Mais enfin, le dimanche 6 décembre 1922, sur le coup de 15.22h, ce fut NON. Peuple et cantons. Mon premier commentaire à chaud, à la RSR, fut empreint de tristesse. J’étais triste. La Suisse romande était triste. Il fallait s’incliner, mais c’était dur. Il faut le reconnaître : dans l’équipe des journalistes parlementaires romands, au Palais fédéral, tous médias confondus, nous étions très majoritairement favorables à l’EEE. Nous avions suivi toute l’Histoire en amont de la votation, les longues et difficiles négociations, puis la signature de l’Accord à Porto en mai 1992, puis la campagne, homérique, passionnante. Pour ma part, je confesse, 33 ans après, avoir été un peu sous l’emprise de Jean-Pascal Delamuraz, son intelligence si vive et percutante, son charme, son humour, et surtout son incomparable courage dans le combat. Delamuraz, face à Blocher : deux géants, deux tempéraments, deux guerriers de premier ordre. C’est un honneur que d’avoir couvert une telle campagne. Elle était vraiment celle du siècle.

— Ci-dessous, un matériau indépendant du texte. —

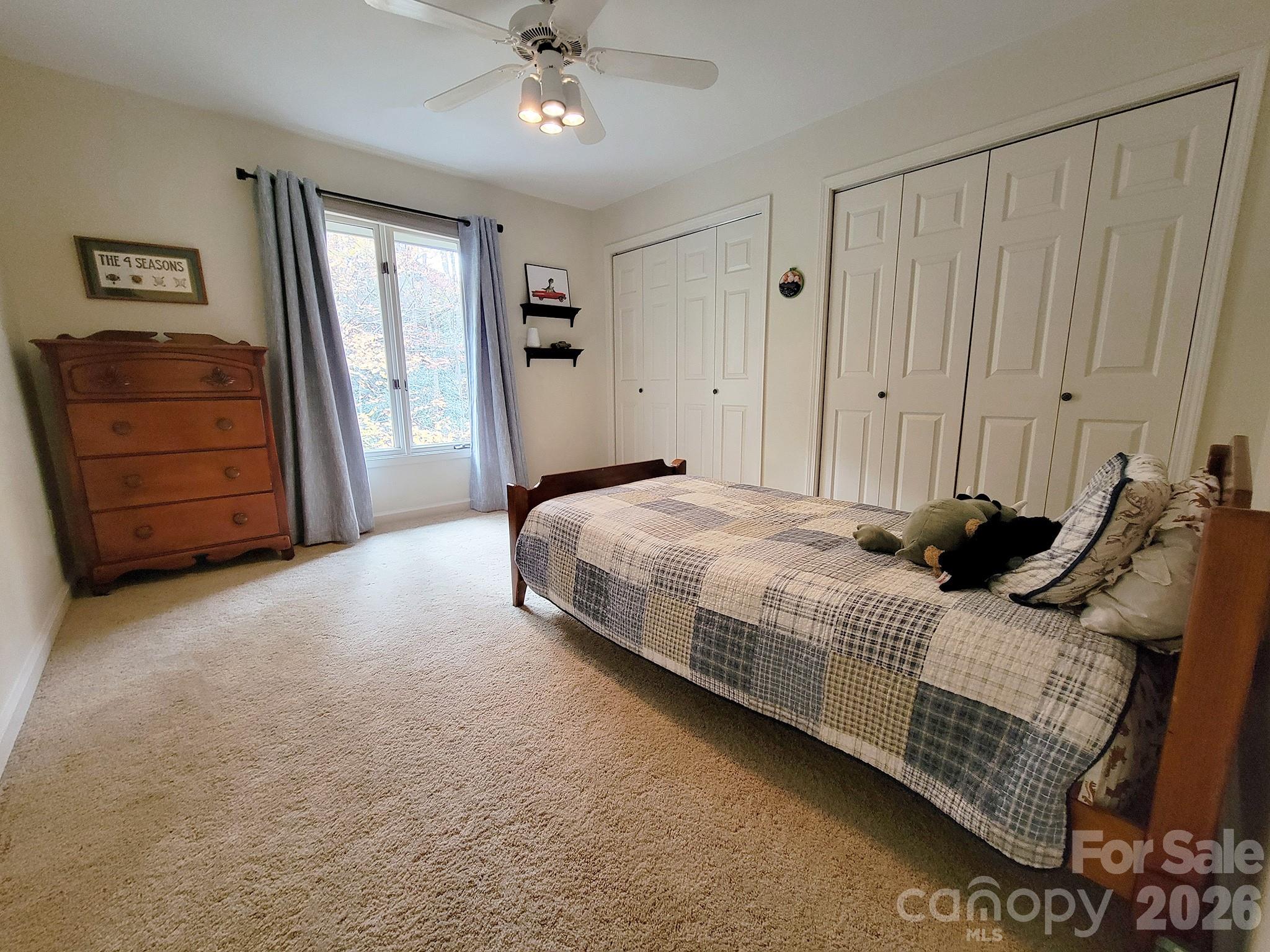 305 E Sondley Drive Property Photo 19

Lorsque nous sommes allés à Porto, en mai 1992, dans le printemps ensoleillé du Portugal, pour couvrir la signature de l’Accord, nous étions persuadés que la ratification populaire, déjà entrevue à l’horizon de décembre, ne serait qu’une formalité. Nous avions tort, immensément. Nous avions juste sous-estimé le retour tellurique de la Vieille Suisse. Celle de Blocher. Celle de l’attachement viscéral à la souveraineté. Celle du refus des juges étrangers. Celle des dialectes, des traditions, des coutumes locales, tellement puissantes et attachantes dans notre pays. Dès septembre, et de façon incroyablement ascendante les dernières semaines de campagne, la Vieille Suisse nous a signifié son réveil. En Suisse romande, nous étions incapables de voir que Blocher était, chaque jour un peu plus, en train de marquer des points. Nous n’avions rien compris, rien voulu comprendre. Nous nous étions cramponnés aux forces de la Raison, le Freisinn, la Vernunft, toutes ces belles valeurs de l’Aufklärung, les Lumières de la philosophie allemande. Nous avions juste sous-estimé le terrain. Les passions. Le patriotisme, Nous nous étions trompés, c’est tout.